In this work, we consider the problem of goodness-of-fit (GoF) testing for parametric models -- for example, testing whether observed data follows a logistic regression model. This testing problem involves a composite null hypothesis, due to the unknown values of the model parameters. In some special cases, co-sufficient sampling (CSS) can remove the influence of these unknown parameters via conditioning on a sufficient statistic -- often, the maximum likelihood estimator (MLE) of the unknown parameters. However, many common parametric settings (including logistic regression) do not permit this approach, since conditioning on a sufficient statistic leads to a powerless test. The recent approximate co-sufficient sampling (aCSS) framework of Barber and Janson (2022) offers an alternative, replacing sufficiency with an approximately sufficient statistic (namely, a noisy version of the MLE). This approach recovers power in a range of settings where CSS cannot be applied, but can only be applied in settings where the unconstrained MLE is well-defined and well-behaved, which implicitly assumes a low-dimensional regime. In this work, we extend aCSS to the setting of constrained and penalized maximum likelihood estimation, so that more complex estimation problems can now be handled within the aCSS framework, including examples such as mixtures-of-Gaussians (where the unconstrained MLE is not well-defined due to degeneracy) and high-dimensional Gaussian linear models (where the MLE can perform well under regularization, such as an $\ell_1$ penalty or a shape constraint).

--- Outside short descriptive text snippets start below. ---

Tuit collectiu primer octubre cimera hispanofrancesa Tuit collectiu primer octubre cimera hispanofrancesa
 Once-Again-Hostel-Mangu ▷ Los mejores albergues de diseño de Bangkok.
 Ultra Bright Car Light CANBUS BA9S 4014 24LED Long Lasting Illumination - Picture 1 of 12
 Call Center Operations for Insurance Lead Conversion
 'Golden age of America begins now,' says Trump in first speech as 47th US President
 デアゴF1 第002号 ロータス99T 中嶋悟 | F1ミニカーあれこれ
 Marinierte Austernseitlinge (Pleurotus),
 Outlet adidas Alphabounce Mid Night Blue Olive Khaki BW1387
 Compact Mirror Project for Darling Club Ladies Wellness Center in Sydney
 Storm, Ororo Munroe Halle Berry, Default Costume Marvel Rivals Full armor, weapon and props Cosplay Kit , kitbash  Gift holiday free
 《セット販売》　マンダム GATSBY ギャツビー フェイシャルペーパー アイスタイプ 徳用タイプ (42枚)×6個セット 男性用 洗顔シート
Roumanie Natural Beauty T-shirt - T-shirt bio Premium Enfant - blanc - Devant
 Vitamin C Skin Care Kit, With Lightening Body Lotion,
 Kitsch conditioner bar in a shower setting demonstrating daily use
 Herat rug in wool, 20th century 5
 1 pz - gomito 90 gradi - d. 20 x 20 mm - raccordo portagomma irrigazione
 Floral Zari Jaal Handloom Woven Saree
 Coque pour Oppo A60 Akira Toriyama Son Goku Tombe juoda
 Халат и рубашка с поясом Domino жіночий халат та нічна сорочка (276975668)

翻译：本文研究参数模型的拟合优度检验问题——例如，检验观测数据是否服从逻辑回归模型。由于模型参数值未知，该检验问题涉及复合零假设。在某些特殊情形下，共充分抽样可通过基于充分统计量（通常为未知参数的最大似然估计）的条件化处理来消除未知参数的影响。然而，许多常见参数模型（包括逻辑回归）因条件化充分统计量会导致检验失效而无法采用该方法。Barber与Janson（2022）近期提出的近似共充分抽样框架提供了替代方案，将充分性替换为近似充分统计量（即带噪声的最大似然估计）。该框架能在无法应用共充分抽样的场景中恢复检验功效，但仅适用于无约束最大似然估计量定义良好且表现稳健的情形——这隐含假设了低维参数空间。本研究将近似共充分抽样扩展至约束与惩罚最大似然估计框架，使得更复杂的估计问题（如混合高斯模型——因退化性导致无约束最大似然估计量无法定义，以及高维高斯线性模型——在正则化条件下最大似然估计表现优异，如采用ℓ₁惩罚或形状约束）可在近似共充分抽样框架下处理。